**EXERCISE DIRECTIONS**
In the records below, begin at the line that has "Page 3 online" and stop after the line that has "Primary image of"; quote those lines verbatim and nothing more.

**DATASET RECORDS**
☆ ☆ ☆ ☆ ☆

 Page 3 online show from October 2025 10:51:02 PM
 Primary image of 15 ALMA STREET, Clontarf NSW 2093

☆ ☆ ☆ ☆ ☆

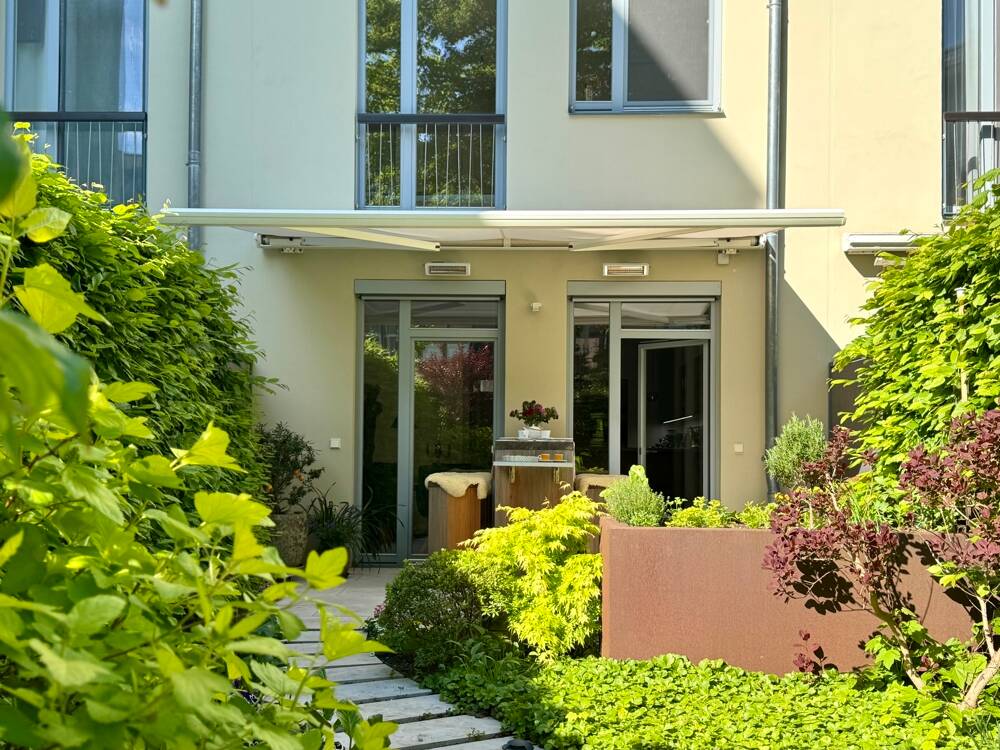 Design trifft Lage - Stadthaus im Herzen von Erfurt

☆ ☆ ☆ ☆ ☆

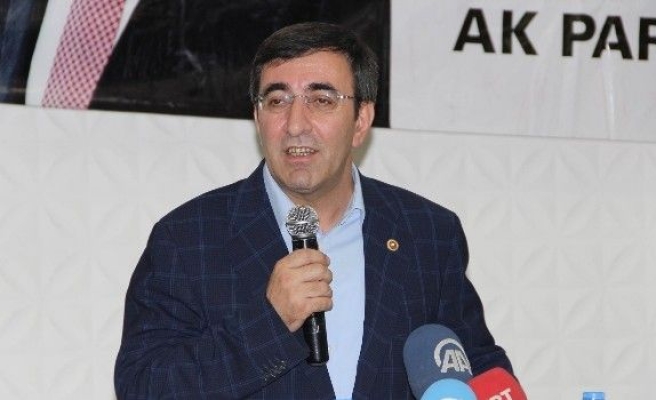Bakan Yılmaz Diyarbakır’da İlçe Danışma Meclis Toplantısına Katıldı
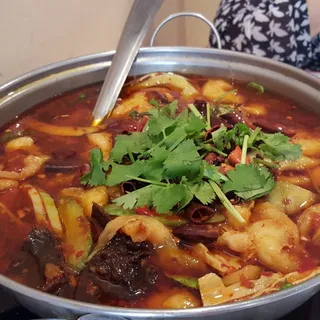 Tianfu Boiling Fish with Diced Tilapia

☆ ☆ ☆ ☆ ☆

**ANSWER FOR THE TASK**
 Page 3 online show from October 2025 10:51:02 PM
 Primary image of 15 ALMA STREET, Clontarf NSW 2093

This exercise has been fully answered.